Başarısız evlilik yoktur. Aileden ayrılmak, elimizde olandan daha iyi bir şey arıyoruz. Her şeyden önce, bir kişi, her zaman sahip olduğu her şeye sahip olamayacak şekilde düzenlenmiş ve daha sonra "fraera'nın açgözlülüğü mahvolmuş" atasözü tetiklenmiştir. Ve zaten ağlayan kayıp, ama geri dönecek, gurur izin vermez. Gurur, güçlü bir öz saygı duygusu ve onurumuzun altında gururlara karşı harekete geçeriz. Daha güçlü olan içimizdeki benlik saygısıdır, daha yüksek olan burnumuz ne kadar yüksekse, burnumuzun altında ne olduğunu görmeyiz. Ve burnumuzun alt tarafında dizlerinin üzerinde bir yarısı olan bir buket gül ve gözlerinde gözyaşlarıyla geri dönmek istiyor ama biz onu görmüyoruz. Acı ego gözlerimizi kapatır ve neyin görüldüğünü ve görmeye başladığını görürüz. Bu duygudan ötürü, bütün ilişkiler parçalanıyor ve bize neyin çok değerli olduğunu geri vermemize izin vermiyor ve bu yüzden yanlış bir seçim yaptığımızı ve bu kişinin tüm yaşamımızın hedefi olmadığını düşünüyoruz. Tek kelime, tek bir cümle gururumuzu incitebilir ve benlik saygımızın yarattığı şikayet, çok özenle gösterdiğimiz ve sakladığımız her şeyi mahvedebilir.

Ve eğer tüm şikâyetlerin unutulduğunu bile fark edersek, yolun geri dönüşü olmadığını düşünmemeliyiz.
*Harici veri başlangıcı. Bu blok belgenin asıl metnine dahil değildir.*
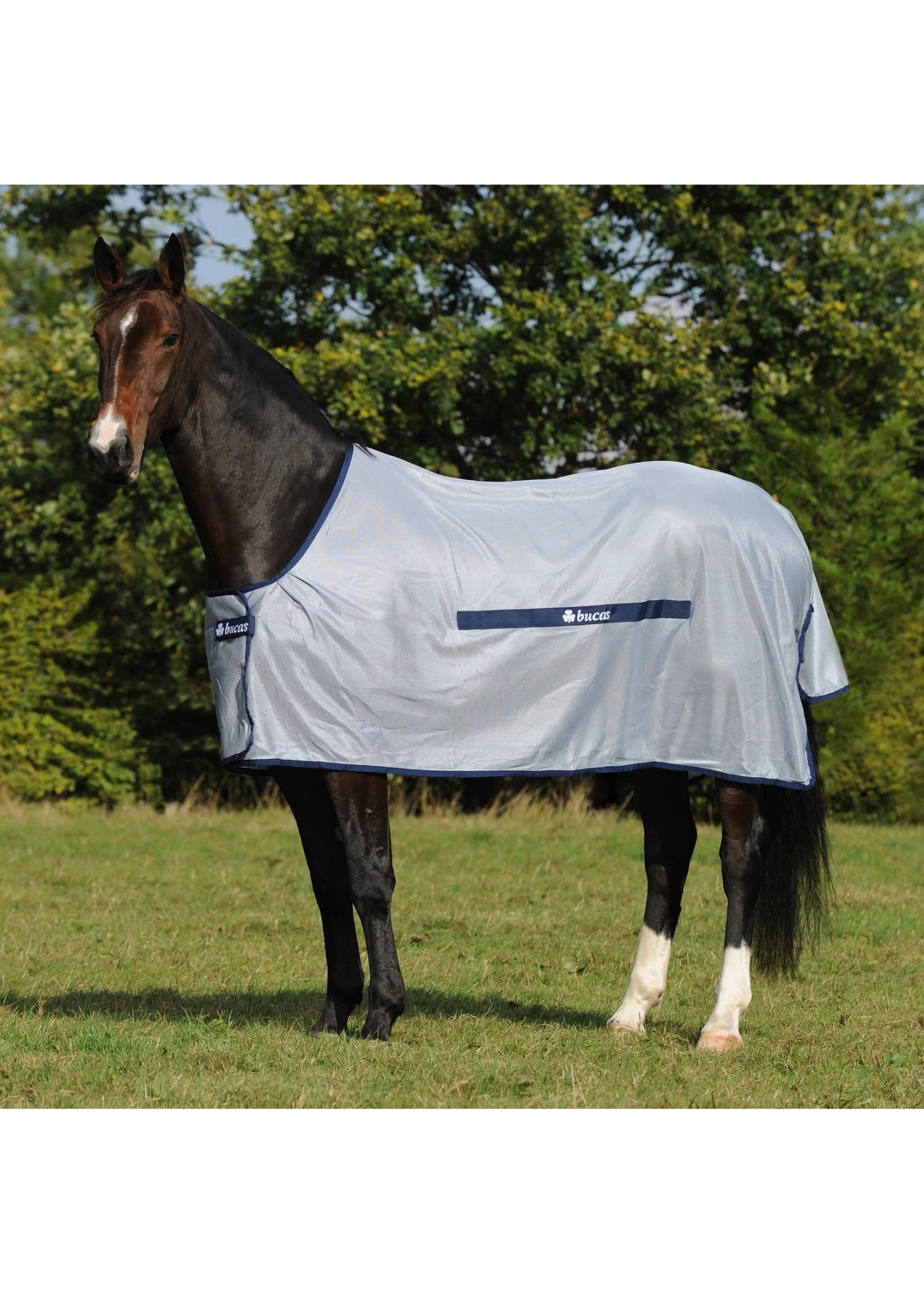 Bucas Buzz Off Fly Sheet 3 Bucas Buzz Off Fly Sheet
Yol geri her zaman olduğu gibi ileride de vardır. Sonuçta, kaldırımdaki caddeye gittiğinizde, arkanızdaki kaldırım kapanmaz ve kaybolmaz. İstediğiniz zaman geri dönüp geri dönebilirsiniz. Basitçe insanlar, ikna etme ve kendilerini rahatlatma, bu ifadeyle ortaya çıktı: "geri dönüş yolu yoktur". Yol her zaman orada, ileri geri, sol ve sağ ve sadece seçmeniz gereken bir sürü yön. Hayatta, yol her zaman oradadır, sadece ihtiyacın olduğunda nasıl döneceğinizi öğrenmelisin.

Ve böylece, geri döndüğünüzde, son ya da uzun zaman önce bıraktığınız ikinci yarısını yeniden kazanabilirsiniz. Bir kez daha "affet" kelimesini söyleyip duymayı öğrenmeliyiz. Birbirini karşılamak için - bu iyi ilişkilerin sırrı mı?